Jeff and Fabio are up to serve their Latin cuisine. Fabio has to read his dish description because his English is not good. He cooked a mango and jalapeno demi-glace pork chop with mushroom and avocado salad. The salad is inside the avocado, and the mushrooms are on top. He added the mushrooms for an "Italian twist." I don't think of mushrooms as particularly Italian, but he's the one from Italy, so I guess I should take his word for it. Jeff seared pork tenderloin in Cuban coffee, and served it with smoked plantain with saffron, sherry vinegar, black beans, and rice. Tom points out that the side dish wasn't plated well, and Jeff admits that he ran out of time. Jean-Georges thought Fabio's dish needed more salt, and Tom adds that he did a great job with his knife work on the avocado, but then covered it with the mushrooms. Everyone but Tom prefers Jeff's dish.
Hosea and Carla serve their Russian food. Hosea did a smoked fish trio: smoked salmon with caviar, smoked trout with apple chutney, and smoked turbot. Carla created a smoked trout and salmon cake served with potato latkes, sour cream and caviar. There's a salad on the plate that she doesn't mention, which looks like a slaw of some sort. Jean-Georges and Gail aren't crazy about the salad. Everyone agrees that Hosea's dish is more elegant while managing to give a sense of his style. Pretty impressive considering that he was unfamiliar with Russian food. Hosea wins.
Leah and Melissa present their Italian food. Leah admits that she knows the area well. She created a farro risotto with seared snapper and mushrooms. Note that her risotto is the same that Ariane attempted, so it's not impossible to do in the time they had. Melissa cooked a seared rib eye steak, with an arugula salad, fried mushrooms, and tomato sauce. I find Melissa's dish to be very unappealing on the plate -- it looks like a slab of meat with some greasy fried stuff on top. Tom likes that Leah married fish and more earthy ingredients, and all the judges think that Melissa needed a little more seasoning for it to be a big hit. Leah wins.

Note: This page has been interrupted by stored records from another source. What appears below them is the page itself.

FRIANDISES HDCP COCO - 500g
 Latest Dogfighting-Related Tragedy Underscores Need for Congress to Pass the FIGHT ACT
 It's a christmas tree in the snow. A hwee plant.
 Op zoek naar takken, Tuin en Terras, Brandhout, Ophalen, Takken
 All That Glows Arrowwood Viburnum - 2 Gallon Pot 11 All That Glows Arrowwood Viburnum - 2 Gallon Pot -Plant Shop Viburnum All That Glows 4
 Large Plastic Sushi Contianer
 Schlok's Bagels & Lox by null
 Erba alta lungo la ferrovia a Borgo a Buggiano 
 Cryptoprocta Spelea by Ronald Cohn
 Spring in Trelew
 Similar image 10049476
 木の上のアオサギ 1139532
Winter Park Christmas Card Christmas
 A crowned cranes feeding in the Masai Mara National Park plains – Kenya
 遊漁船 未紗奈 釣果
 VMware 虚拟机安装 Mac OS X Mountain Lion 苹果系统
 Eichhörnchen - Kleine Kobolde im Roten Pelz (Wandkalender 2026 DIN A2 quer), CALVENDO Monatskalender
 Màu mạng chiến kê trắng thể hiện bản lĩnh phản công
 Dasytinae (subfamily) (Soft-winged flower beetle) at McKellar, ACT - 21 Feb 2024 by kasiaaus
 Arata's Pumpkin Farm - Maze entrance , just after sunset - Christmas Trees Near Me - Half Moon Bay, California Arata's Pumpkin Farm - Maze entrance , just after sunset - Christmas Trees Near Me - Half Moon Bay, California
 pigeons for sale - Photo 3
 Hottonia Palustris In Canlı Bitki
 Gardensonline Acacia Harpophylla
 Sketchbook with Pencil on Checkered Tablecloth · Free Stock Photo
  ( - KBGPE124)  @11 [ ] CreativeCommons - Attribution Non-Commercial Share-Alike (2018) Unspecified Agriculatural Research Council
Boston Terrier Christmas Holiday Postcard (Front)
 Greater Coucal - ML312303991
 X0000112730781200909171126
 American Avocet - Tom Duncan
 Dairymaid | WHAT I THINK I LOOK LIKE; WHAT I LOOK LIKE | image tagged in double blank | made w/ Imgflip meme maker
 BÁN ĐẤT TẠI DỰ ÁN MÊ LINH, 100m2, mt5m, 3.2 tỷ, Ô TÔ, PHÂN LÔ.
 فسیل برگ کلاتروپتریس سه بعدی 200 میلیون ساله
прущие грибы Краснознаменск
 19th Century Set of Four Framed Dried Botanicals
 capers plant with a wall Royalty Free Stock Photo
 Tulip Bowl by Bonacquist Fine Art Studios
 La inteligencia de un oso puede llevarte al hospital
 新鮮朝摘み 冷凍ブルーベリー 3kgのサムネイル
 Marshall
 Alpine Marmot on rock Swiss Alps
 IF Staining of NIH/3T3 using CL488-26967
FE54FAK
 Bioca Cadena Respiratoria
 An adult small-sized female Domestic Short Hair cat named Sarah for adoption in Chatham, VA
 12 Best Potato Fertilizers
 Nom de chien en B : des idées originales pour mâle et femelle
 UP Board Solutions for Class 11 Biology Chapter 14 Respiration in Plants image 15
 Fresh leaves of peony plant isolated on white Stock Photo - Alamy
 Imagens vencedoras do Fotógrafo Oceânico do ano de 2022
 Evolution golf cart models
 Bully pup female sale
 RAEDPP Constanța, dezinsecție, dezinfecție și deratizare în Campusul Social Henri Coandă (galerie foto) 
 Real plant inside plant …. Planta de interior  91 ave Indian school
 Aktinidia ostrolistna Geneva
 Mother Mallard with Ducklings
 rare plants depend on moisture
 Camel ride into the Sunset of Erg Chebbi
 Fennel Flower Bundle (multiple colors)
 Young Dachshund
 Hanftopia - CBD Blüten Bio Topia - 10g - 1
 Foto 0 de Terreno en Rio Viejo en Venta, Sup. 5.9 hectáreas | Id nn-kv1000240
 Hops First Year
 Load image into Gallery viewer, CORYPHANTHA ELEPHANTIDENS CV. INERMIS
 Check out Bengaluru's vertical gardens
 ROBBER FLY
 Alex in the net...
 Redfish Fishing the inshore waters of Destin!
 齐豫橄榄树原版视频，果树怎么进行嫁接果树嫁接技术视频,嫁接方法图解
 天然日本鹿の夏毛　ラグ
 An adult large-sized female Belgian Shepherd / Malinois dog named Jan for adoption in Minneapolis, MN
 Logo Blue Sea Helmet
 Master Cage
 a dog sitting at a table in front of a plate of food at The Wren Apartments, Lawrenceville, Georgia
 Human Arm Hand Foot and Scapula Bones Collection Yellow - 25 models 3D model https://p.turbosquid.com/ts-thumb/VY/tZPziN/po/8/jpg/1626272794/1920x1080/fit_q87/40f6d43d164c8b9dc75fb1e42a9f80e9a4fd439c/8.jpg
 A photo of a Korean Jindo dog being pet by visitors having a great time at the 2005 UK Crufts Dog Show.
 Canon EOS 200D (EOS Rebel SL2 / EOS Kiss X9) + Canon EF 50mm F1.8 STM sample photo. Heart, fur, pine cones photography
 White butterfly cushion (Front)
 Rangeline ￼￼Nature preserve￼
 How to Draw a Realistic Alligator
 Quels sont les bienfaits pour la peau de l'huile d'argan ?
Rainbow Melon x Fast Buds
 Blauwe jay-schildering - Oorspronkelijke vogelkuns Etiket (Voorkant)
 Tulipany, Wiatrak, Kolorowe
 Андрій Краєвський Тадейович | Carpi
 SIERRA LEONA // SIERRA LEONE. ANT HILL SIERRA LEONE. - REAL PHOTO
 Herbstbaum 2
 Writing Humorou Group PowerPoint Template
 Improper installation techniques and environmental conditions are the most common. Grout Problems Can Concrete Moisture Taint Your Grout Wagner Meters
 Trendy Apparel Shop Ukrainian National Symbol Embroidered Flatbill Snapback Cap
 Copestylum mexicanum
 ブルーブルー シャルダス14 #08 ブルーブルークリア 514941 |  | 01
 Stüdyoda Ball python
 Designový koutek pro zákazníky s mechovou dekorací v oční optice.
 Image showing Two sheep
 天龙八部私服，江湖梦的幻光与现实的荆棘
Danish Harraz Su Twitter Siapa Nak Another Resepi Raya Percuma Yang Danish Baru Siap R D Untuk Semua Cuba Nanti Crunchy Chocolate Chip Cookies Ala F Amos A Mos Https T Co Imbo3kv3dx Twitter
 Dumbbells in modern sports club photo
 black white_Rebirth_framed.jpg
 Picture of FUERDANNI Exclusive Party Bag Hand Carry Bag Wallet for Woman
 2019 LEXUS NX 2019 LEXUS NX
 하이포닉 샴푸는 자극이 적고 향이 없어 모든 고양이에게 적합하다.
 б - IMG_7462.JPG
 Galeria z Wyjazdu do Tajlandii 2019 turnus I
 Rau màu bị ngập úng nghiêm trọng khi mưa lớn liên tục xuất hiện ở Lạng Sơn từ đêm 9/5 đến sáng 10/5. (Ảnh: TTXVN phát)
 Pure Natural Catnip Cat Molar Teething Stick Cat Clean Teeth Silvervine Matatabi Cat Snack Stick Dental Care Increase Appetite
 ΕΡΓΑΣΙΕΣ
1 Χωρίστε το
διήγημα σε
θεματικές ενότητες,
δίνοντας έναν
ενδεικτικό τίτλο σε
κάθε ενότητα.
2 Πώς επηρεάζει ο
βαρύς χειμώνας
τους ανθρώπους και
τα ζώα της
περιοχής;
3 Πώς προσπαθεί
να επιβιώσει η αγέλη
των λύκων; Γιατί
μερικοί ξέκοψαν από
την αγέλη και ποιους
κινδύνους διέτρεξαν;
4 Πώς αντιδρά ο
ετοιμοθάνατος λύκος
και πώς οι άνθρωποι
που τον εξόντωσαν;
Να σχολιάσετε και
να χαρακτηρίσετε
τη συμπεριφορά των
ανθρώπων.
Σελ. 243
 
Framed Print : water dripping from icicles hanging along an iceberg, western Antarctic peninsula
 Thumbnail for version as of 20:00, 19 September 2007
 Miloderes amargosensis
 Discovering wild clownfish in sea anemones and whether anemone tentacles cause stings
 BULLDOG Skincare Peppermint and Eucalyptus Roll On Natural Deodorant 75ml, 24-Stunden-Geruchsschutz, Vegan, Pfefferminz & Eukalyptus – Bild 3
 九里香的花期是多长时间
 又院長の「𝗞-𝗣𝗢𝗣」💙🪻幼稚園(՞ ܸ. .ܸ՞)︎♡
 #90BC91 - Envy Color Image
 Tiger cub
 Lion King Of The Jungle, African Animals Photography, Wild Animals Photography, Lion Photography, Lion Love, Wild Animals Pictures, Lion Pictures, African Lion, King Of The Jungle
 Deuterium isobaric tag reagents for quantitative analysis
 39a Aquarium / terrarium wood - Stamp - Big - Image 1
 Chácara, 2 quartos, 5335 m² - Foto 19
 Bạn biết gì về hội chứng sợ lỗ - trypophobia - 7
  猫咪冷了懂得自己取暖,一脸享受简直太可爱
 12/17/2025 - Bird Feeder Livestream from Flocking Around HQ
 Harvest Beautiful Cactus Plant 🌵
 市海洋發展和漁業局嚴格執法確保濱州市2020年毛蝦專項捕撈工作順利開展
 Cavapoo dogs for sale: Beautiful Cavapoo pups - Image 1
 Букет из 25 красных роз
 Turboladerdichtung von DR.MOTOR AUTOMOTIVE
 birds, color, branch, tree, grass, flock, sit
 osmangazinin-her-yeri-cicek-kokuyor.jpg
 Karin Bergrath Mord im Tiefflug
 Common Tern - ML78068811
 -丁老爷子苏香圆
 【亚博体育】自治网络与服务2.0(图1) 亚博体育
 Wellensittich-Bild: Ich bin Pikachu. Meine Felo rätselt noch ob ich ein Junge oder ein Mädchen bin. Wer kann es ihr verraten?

Daniel and Patrick went to Chinatown. Daniel made a poached chicken salad with bok choy, shitake mushrooms, and fried wontons. He also brought back my old friend, foam. I do not get foam. I understand that it would be kind of cool to study molecular gastronomy, and it's kind of cool that you can make foam. I just don't want to eat it. It reminds me of frog's eggs that you see floating on top of a pond. Anyway, Patrick made seared salmon, bok choy, and black rice noodles. Okay, first of all, I could totally make this dish and I am not a culinary student. In fact, I do make this dish all the time, minus the bok choy and plus something more appetizing than black noodles. Anyway, setting aside the simplicity of the dish, the presentation is terrible. He has a lump of noodles (maybe he's trying to hide them) beneath a chunk of bok choy, and then a giant slab of salmon balanced on top. As soon as I saw this one, I knew Patrick was in trouble. Patrick interviews that Jean-Georges will call him out because Asian is his specialty. Patrick admits to the judges that didn't know what he was doing with the noodles. Tom thinks the flavor is "one-note," and not sophisticated enough. Moving on to Daniel, the judges think his salad is too wet, and Tom points out that Wolfgang Puck's been making the same salad for many years, so it wasn't innovative and it wasn't well-executed. Gail wasn't inspired by either dish, but the judges can agree that Daniel's dish had more flavor, so Daniel wins.